Please copy every record below exactly, leaving out the pictures.

Dataset -
********************

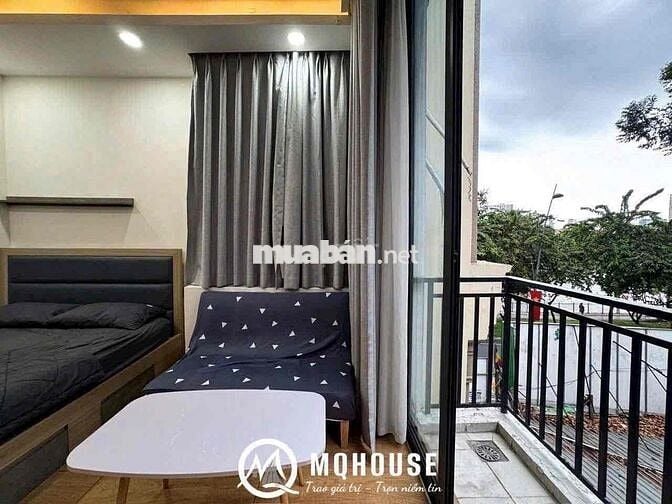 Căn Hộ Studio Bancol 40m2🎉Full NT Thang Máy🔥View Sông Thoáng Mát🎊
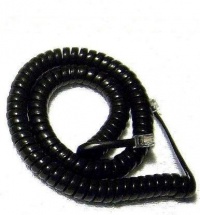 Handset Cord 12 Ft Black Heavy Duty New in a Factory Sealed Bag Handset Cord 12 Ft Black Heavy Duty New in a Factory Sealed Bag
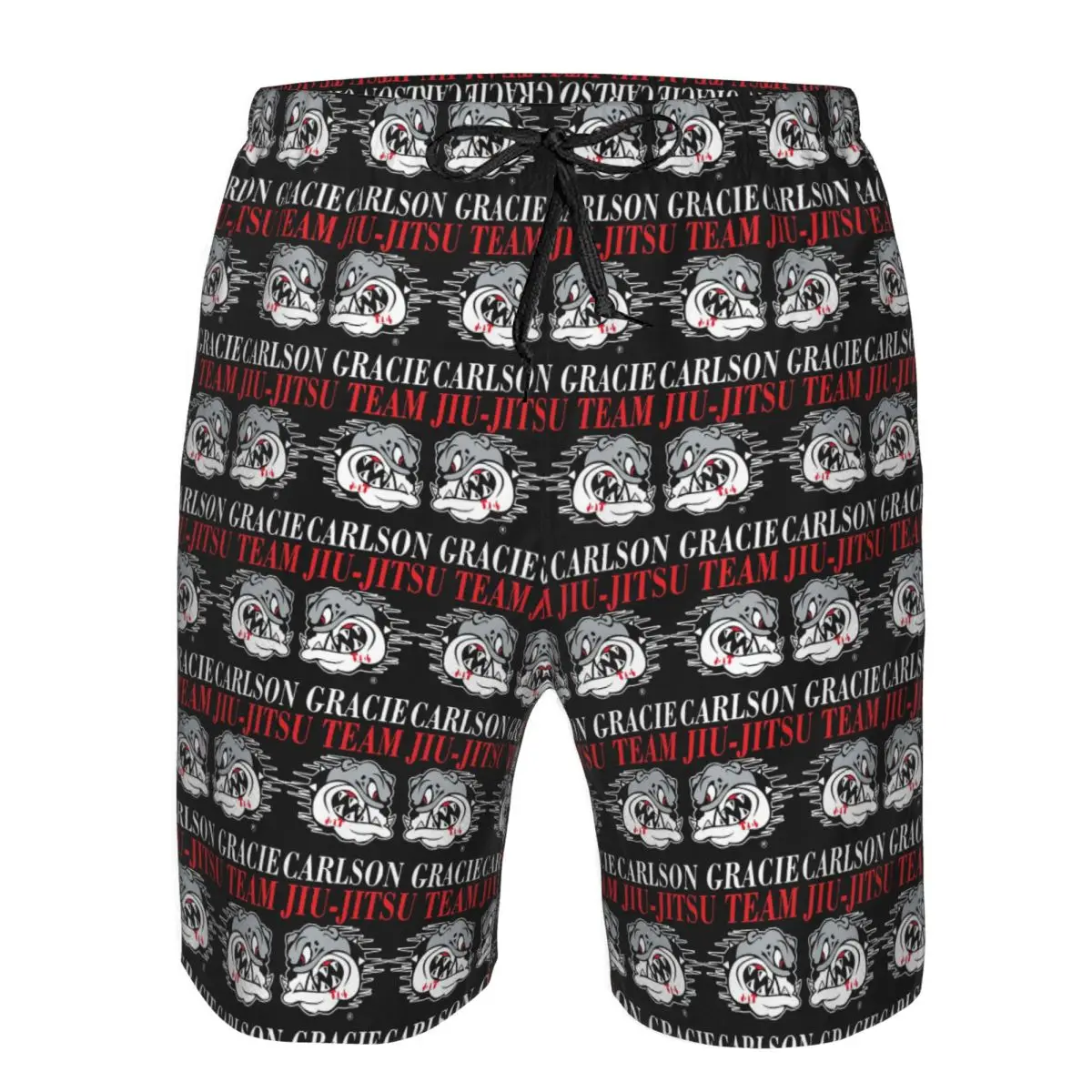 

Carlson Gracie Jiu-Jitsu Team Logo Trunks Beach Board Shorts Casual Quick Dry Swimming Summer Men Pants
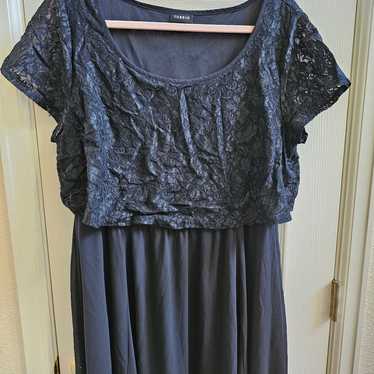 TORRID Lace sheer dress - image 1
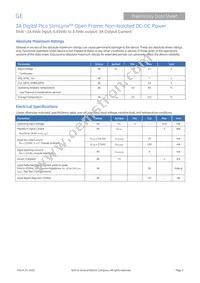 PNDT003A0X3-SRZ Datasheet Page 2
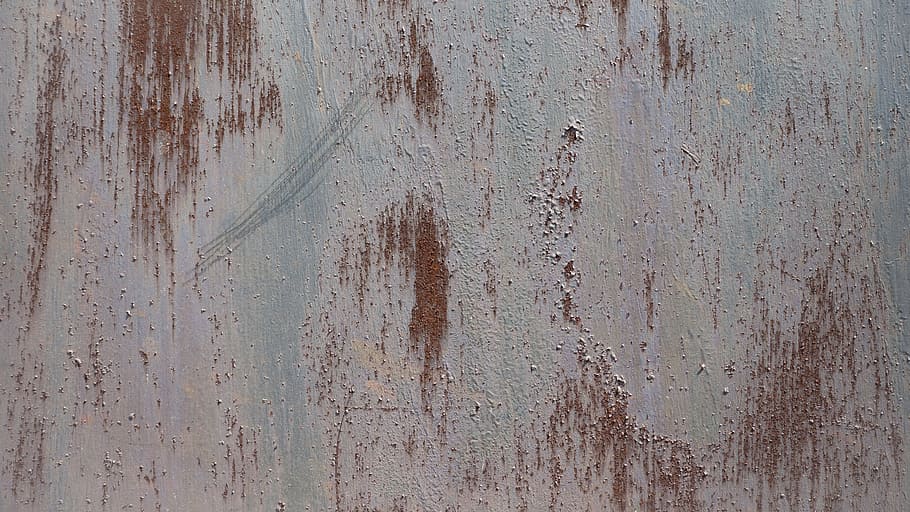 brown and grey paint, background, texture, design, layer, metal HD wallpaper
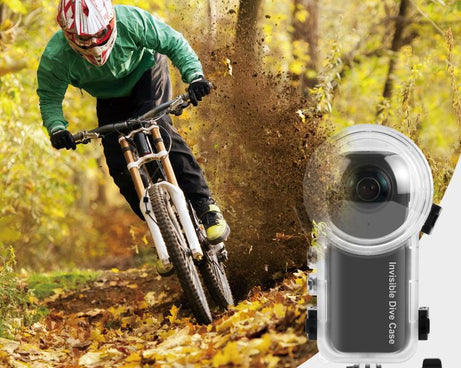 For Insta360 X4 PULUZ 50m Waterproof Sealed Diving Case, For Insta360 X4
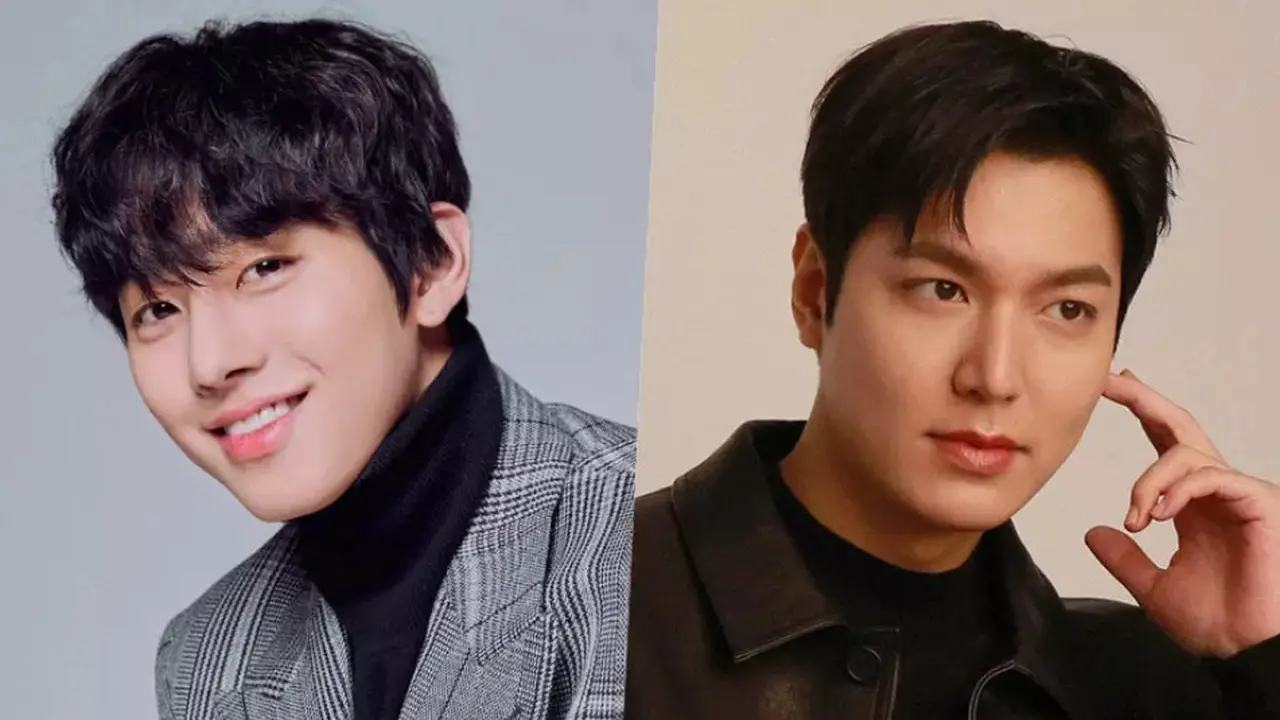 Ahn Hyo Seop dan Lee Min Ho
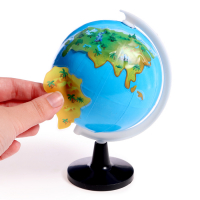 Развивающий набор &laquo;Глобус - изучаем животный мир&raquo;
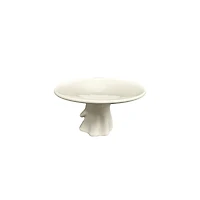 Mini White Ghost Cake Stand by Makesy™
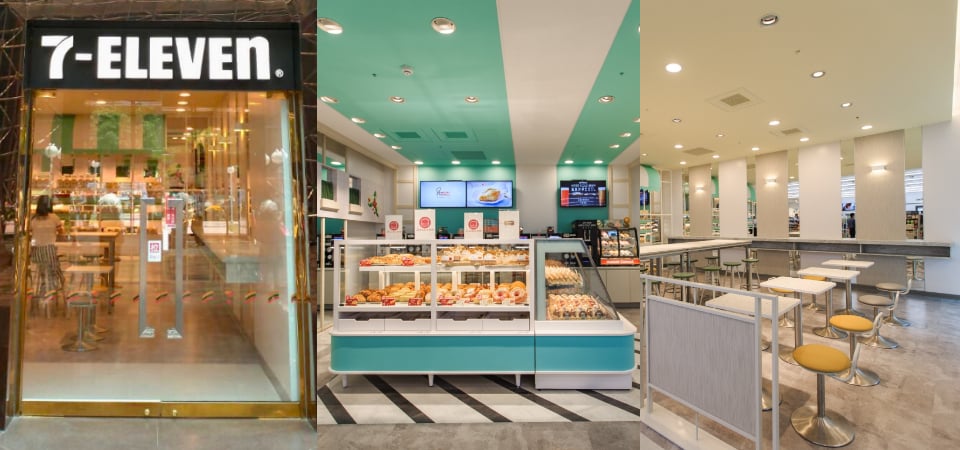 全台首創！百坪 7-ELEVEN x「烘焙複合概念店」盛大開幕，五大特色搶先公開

********************

Solved exercise -
 Căn Hộ Studio Bancol 40m2🎉Full NT Thang Máy🔥View Sông Thoáng Mát🎊
 Handset Cord 12 Ft Black Heavy Duty New in a Factory Sealed Bag Handset Cord 12 Ft Black Heavy Duty New in a Factory Sealed Bag

Carlson Gracie Jiu-Jitsu Team Logo Trunks Beach Board Shorts Casual Quick Dry Swimming Summer Men Pants
 TORRID Lace sheer dress - image 1
 PNDT003A0X3-SRZ Datasheet Page 2
 brown and grey paint, background, texture, design, layer, metal HD wallpaper
 For Insta360 X4 PULUZ 50m Waterproof Sealed Diving Case, For Insta360 X4
 Ahn Hyo Seop dan Lee Min Ho
 Развивающий набор &laquo;Глобус - изучаем животный мир&raquo;
 Mini White Ghost Cake Stand by Makesy™
 全台首創！百坪 7-ELEVEN x「烘焙複合概念店」盛大開幕，五大特色搶先公開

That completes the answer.